Wednesday, March 25, 2009

PAPER PAROLE......HE MISSED A MANDATORY MEETING

Lovelle Mixon, the 26-year-old parolee who killed four Oakland police officers, had an extensive criminal record which included convictions for assault with a deadly weapon, possession of marijuana, auto theft, identity theft, forgery, grand theft and numerous offenses as a juvenile. After serving nearly five years in prison for assault with a firearm during an armed robbery he was released on parole. Mixon was returned to prison for nine months as a parole violator before being re-paroled last November.

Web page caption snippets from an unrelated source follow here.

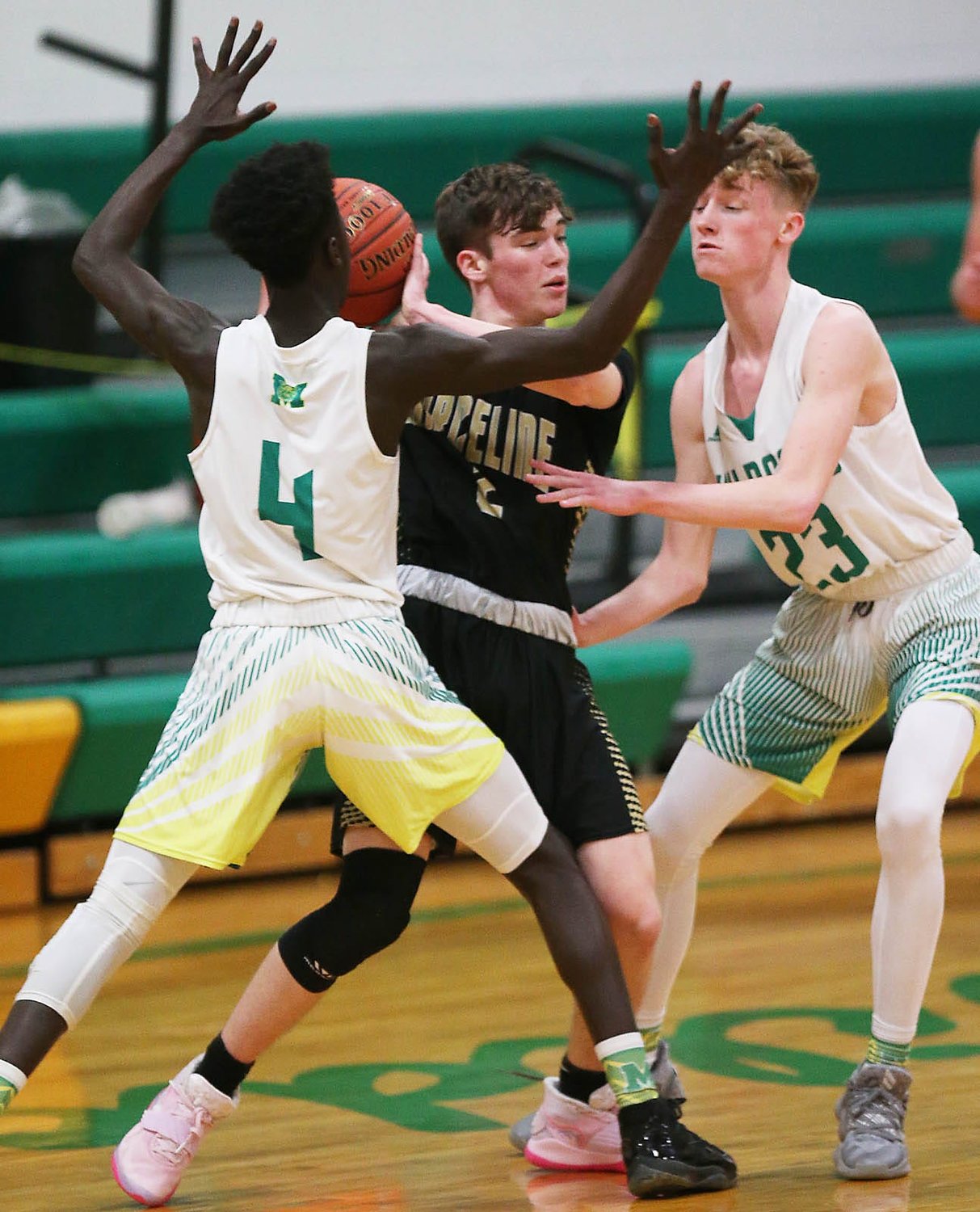 Milan's Chekh Niasse, left, and Jeremy Bennett defends Thursday evening during the 61st Milan Invitational Tournament.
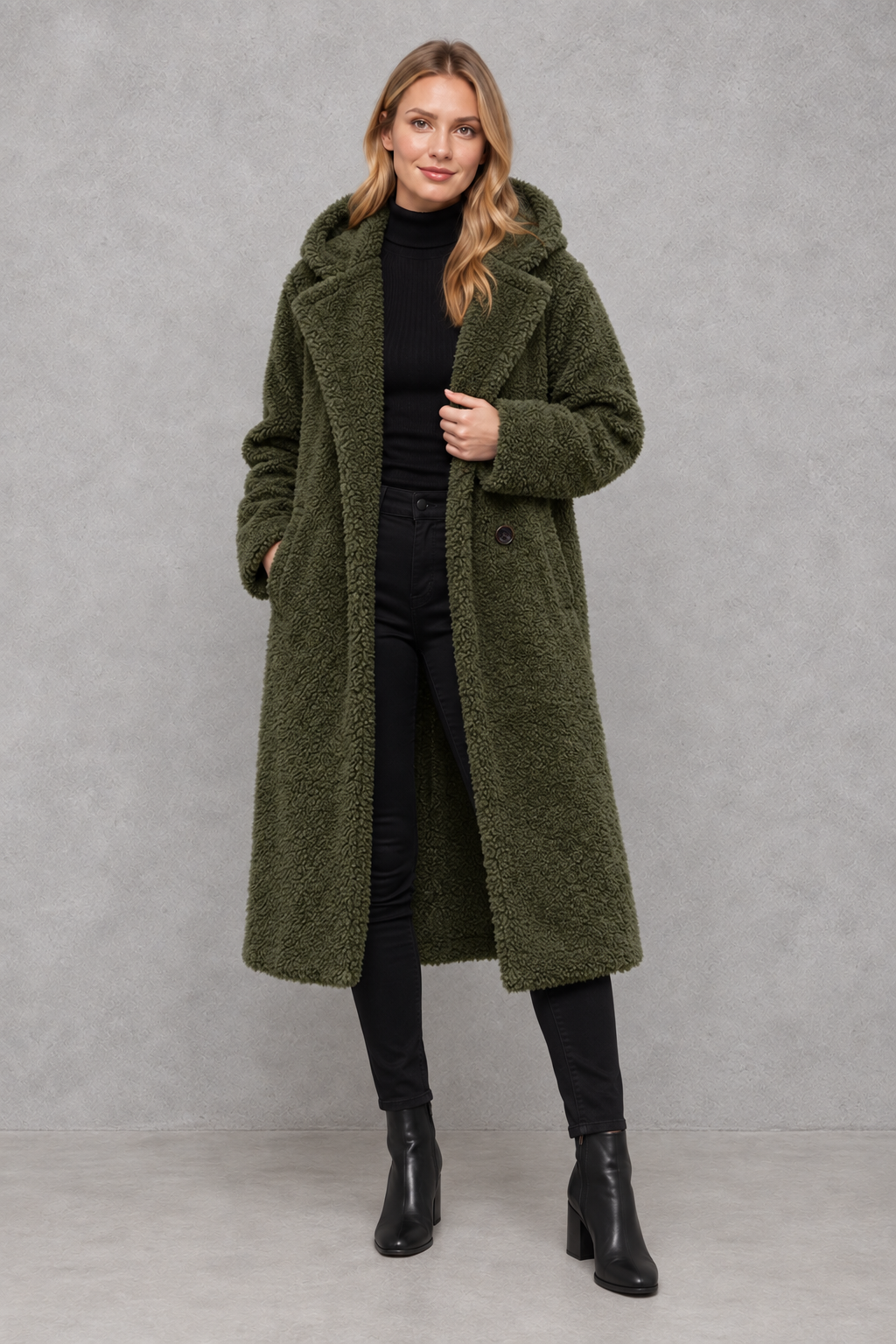 Women’s hooded quilted longline coat with soft insulated padding, a relaxed silhouette, protective hood and deep side pockets.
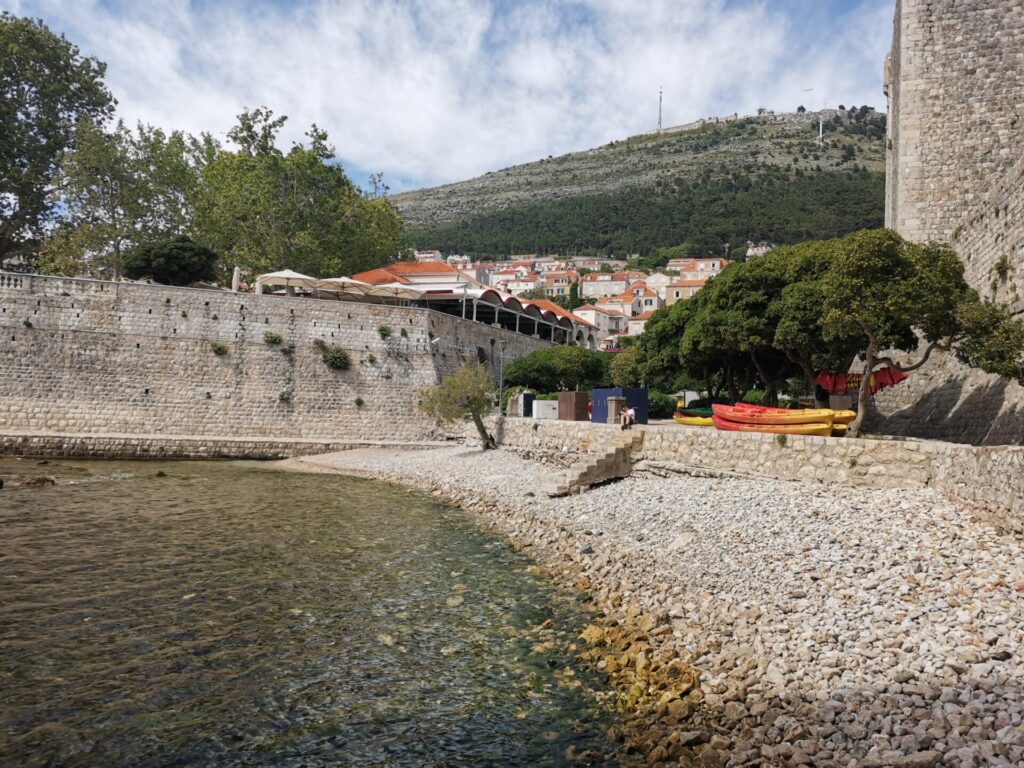 One of the small beaches in Dubrovnik with clear waters and kayaks for rent, a popular Dubrovnik attraction.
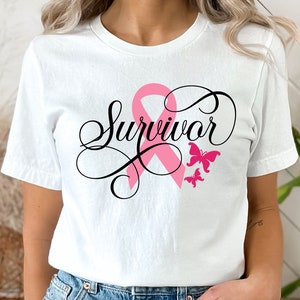 May include: A white t-shirt with a pink ribbon and the word "Survivor" in black script. Two pink butterflies are above the ribbon.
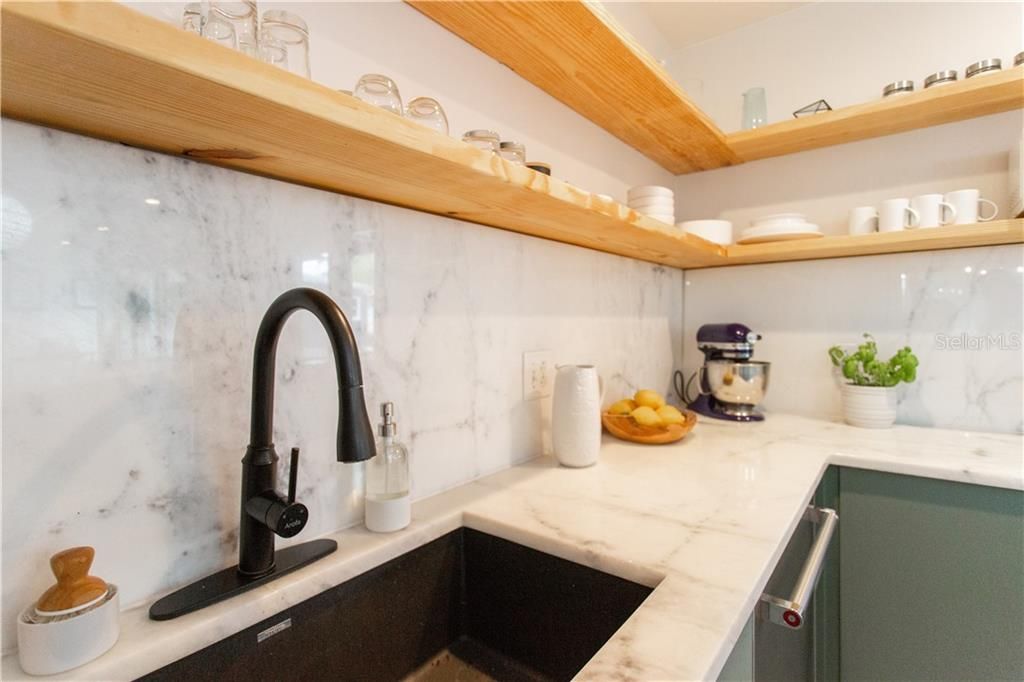 Beautiful open shelves and marble countertops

According to the Los Angeles Times, a warrant had been issued for Mixon's arrest because "he missed a mandatory meeting with his (parole) agent las month amd was deemed a 'parolee at large'." A mandatory meeting? This tells me that Mixon's parole supervision was limited primarily to office visits. In that case, he was receiving what is known as a "paper parole."

What is a paper parole? It is a parole based not on field investigations, but on the periodic written reports required of all parole officers, reports which rely on information provided by the parolee during office visits. Since the overriding purpose of parole is to PROTECT THE PUBLIC from criminals, a paper parole is meaningless and absolutely worthless! However, this is not say that had Mixon been given adequate field supervison, the four Oakland officers would still be alive.

A parole officer cannot ascertain what a parolee is really doing through office visits, or even with field visits made by appointment.

During an office visit the parolee is most likley to say that things are going well, that he is living with his wife and kids or his parents, and that he is working at Earl Scheib's auto paint and body shop. In fact, he may not be living where he says he is and he may not be working at all. Except for those few instances when it may be psychologically advantageous to see a parolee on the parole officer's turf, office visits can be scrapped for all the good they do.

And those field visits by appointment don't help much either. The appointments are often made by phone calls to family members telling them when the parole officer will show up, That will give the parolee time to clean up his act so he can, with the cooperation of family members, appear to be living with them, when in fact he is not. Wives or parents will usually lie to parole officers to keep the parolee from being returned to prison.

If the supervison of parolees is reduced to a paper parole, there can only be two reasons for such a sad state of affairs. One reason would be that there are not an adequate number of parole officers, thus leaving the officers with unmanageable large case loads. The other reason is that the parole officers are afraid to visit parolees, especially at nights, in dangerous high-crime neighborhoods.

Most parolees do not live in middle-class or wealthy neighborhoods. I suspect the reason for paper paroles is that parole officers, especially the sissy social worker types, are scared shitless of getting shot, stabbed or stomped. If a parole officer is afraid to go out at nights to visit a parolee, then he has chosen the wrong profession. He should consider some other line of work, like passing out checks at the welfare office.

PAROLE WORK IS NOT FOR SISSIES! It requires men and women WITH GUTS! Meaningful parole supervision requires a work schedule other than the usual 8 AM to 5 PM, Monday through Friday work week. It requires surprise nighttime field visits, not appointed ones, to ascertain how a parolee is actually doing. And some of those surprise visits should be conducted on weekends.

The best way to avoid paper paroles is to stop hiring people with Master of Social Work (MSW) degrees to supervise parolees. Well educated cops and correctional officers are best suited for this line of work. They are much more likely to have the courage to go out at nights into dangerous neighborhoods. The MSW is going to feel that he didn't go to college for five years to get the shit kicked out of him. The ex-cop and ex-correctional officer is willing to face the challenge of a dangerous job, just as he did in his former occupation.

I don't know if the State of New York still uses the dual parole system it used back when I was a California Parole Agent. Each parolee in New York was, in effect, supervised by two parole officers. One officer, usually an MSW, took care of the parolee's social work needs. The other officer was an investigative officer who went out into the field to ascertain whether or not the parolee was reinvolved in criminal activities. That worked out rather well. It was not at all unusal for a parolee to be arrested by the investigative parole officer at the same time the sissy social worker was filling out his report on how well the parolee was doing.

Again, I am not contending that if Mixon's parole had been closely supervised with surprise nighttime field visits, he would not have ended up gunning down the four Oakland police officers. However, I think it is fair to say that the four offices might still be alive today had Mixon been the recipient of adequate parole field supervison. Anyway you cut it though, there can be no doubt whatsoever that the police and the public are endangered whenever the supervision of parolees is reduced to nothing more than a paper parole.